Initially, we used to pick up Glucose biscuits all the time, until one day when the store ran out of stock. Then, he told us to try Parle-G biscuits. At the same cost, these seemed somewhat bigger and more delicious. To be honest, I don’t think the taste was all that much more unique, but in my mind, it seemed like a better deal. So we graduated from Glucose to ParleG biscuits. The only problem was that my younger sibling ate a lot slower than I did. I inhaled my pack, and she used to chew each bite 32 times before swallowing. So she would only be done with a couple of biscuits by the time we reached our class. The deal I had with Mum was that we would eat and finish our snacks before we reached our class, but my younger sibling would only finish a few biscuits from a pack of biscuits. And when Mum enquired, she was honest. I was in trouble and I had no idea how to escape. Mum wanted her to eat more than just a few biscuits before class. She could only finish half a pack of biscuits before class.
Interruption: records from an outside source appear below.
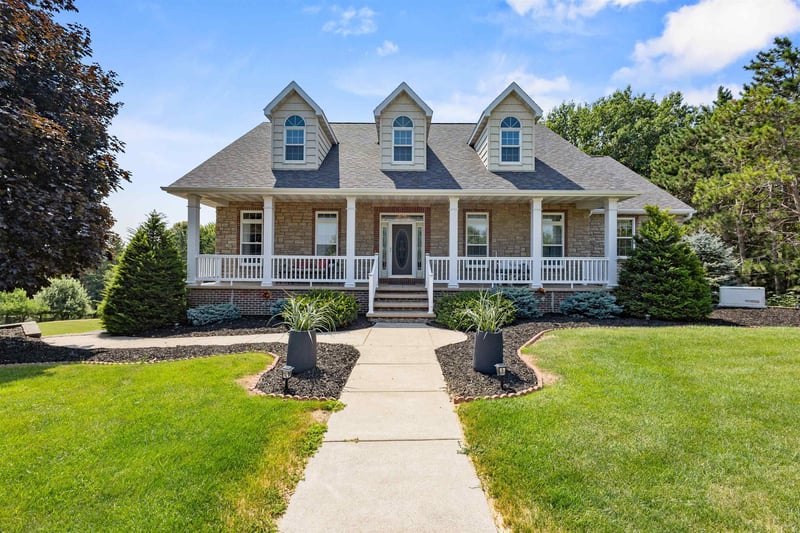 N3224 Feather Ridge Dr, Appleton, WI 54913-9698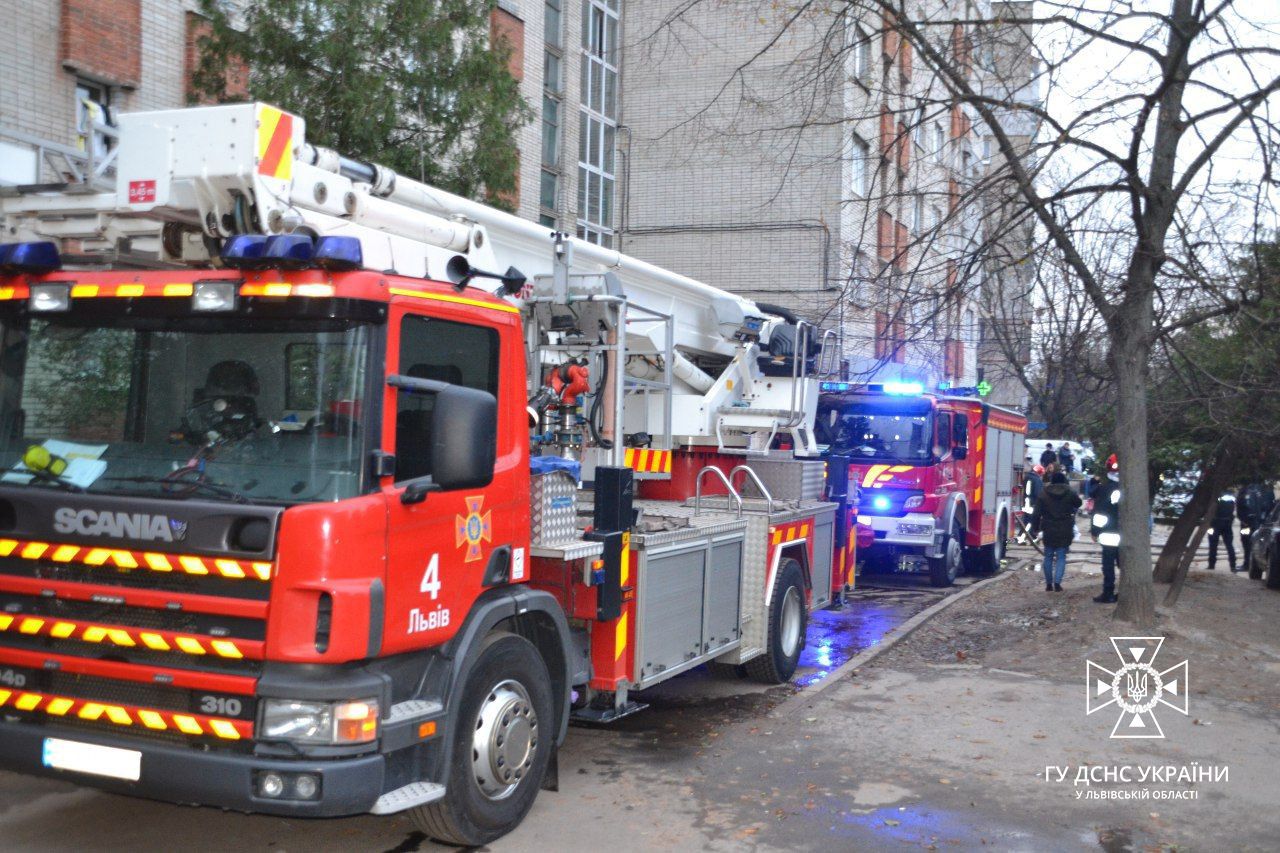 Пожежа у Львові забрала життя шестирічної дитина та її батька - подробиці від ДСНС 2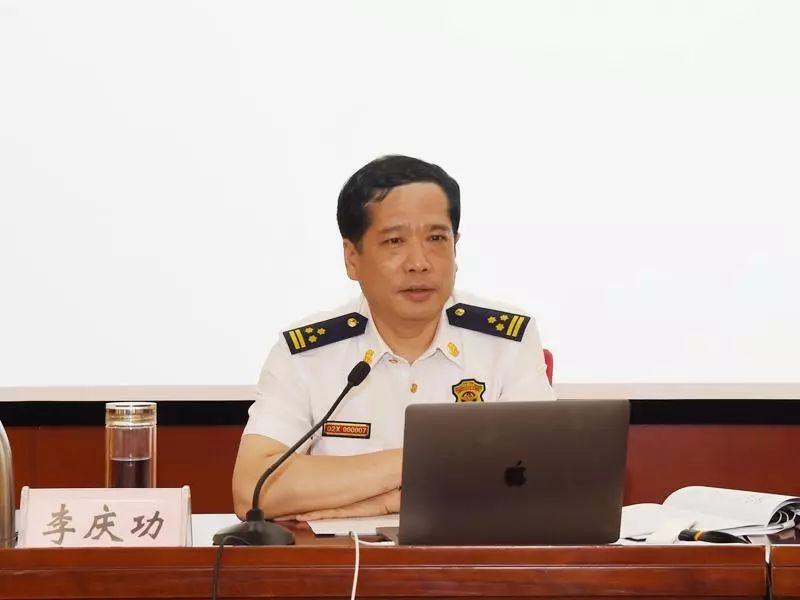 王以革副总队长自5月21日起,市政府组织开展了每期4天,共6期的领导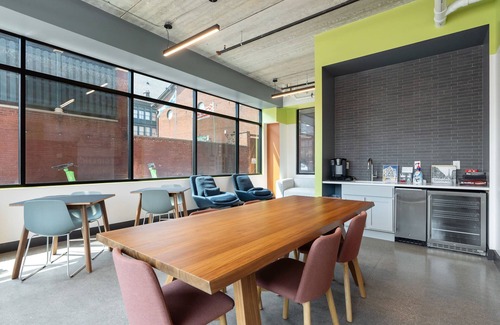 Lockerbie Square Apartment | CozySuites Mass with parking, lounge and roof deck 13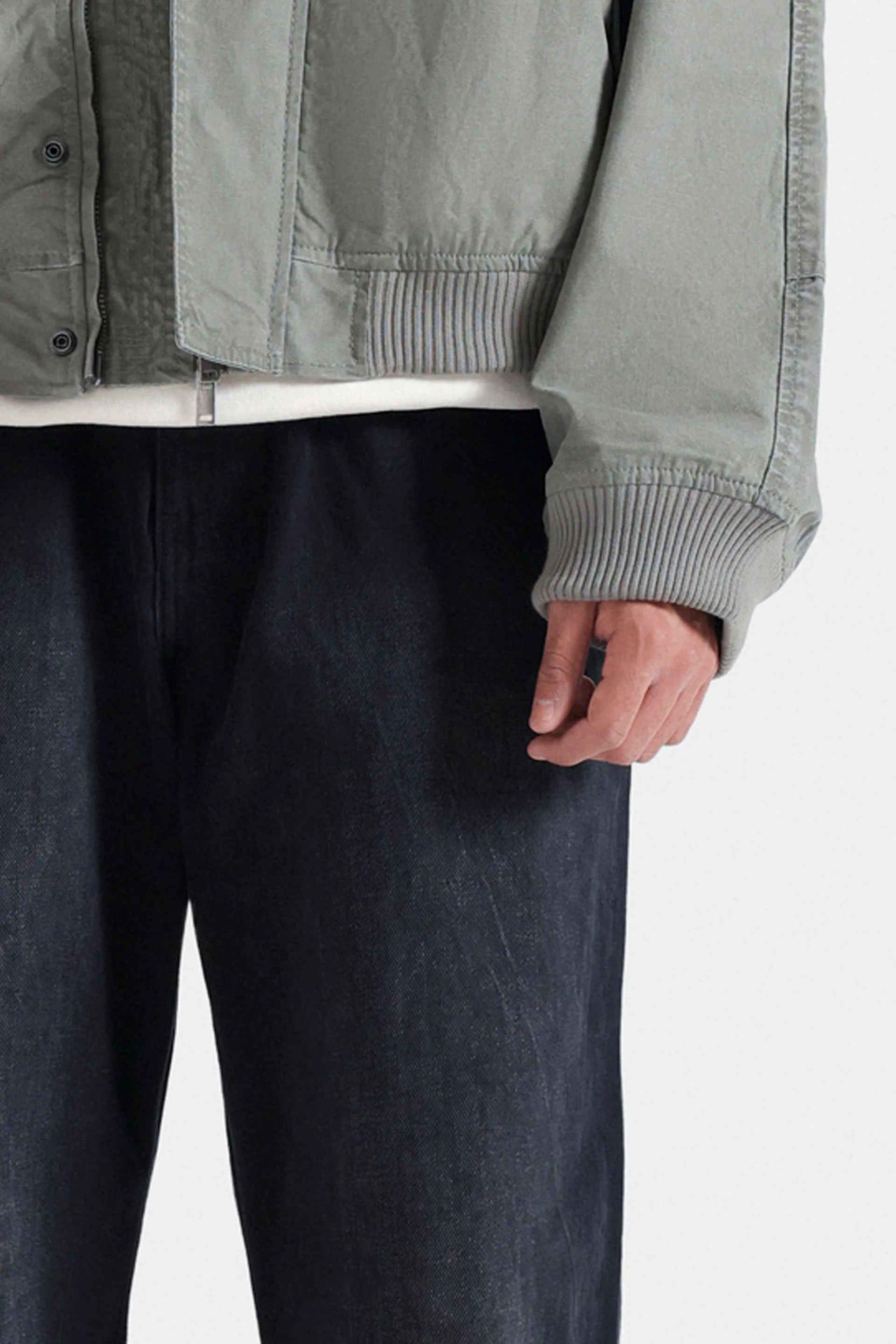 Balloon Fit Jeans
And I wanted to continue getting money to buy the biscuits. So I just started getting the small coin-shaped biscuits again. Both the sweet one and the salt one. And I used to make her eat fistfuls of them on the way. I did not let her count the biscuits before she put them in her mouth, so she had no number to give and her response to Mum was always, ‘I ate so many sweet and so many salty’. Mum was happy. I was happy.

Those tiny coin-sized biscuits were the same flavor as the Glucose and ParleG biscuits and the salt biscuits were crispy salt biscuits that would melt in your mouth. I remember not chewing my fistful of biscuits and just letting them dissolve in my mouth while I waited for my younger sibling to finish chewing her fistful of them. Even this way, I ate a lot faster than she did. But she ate a lot more of these biscuits than she did the regular-sized Parle-G biscuits. Have things changed today? I have no idea, I haven’t had a biscuit pack finishing race with her in forever. But even today, one bite of a Parle-G biscuit takes me back in time, as I am confident it will her as well, to those rushed evenings, running from one destination to the next the final goal, to get to class before 5 pm.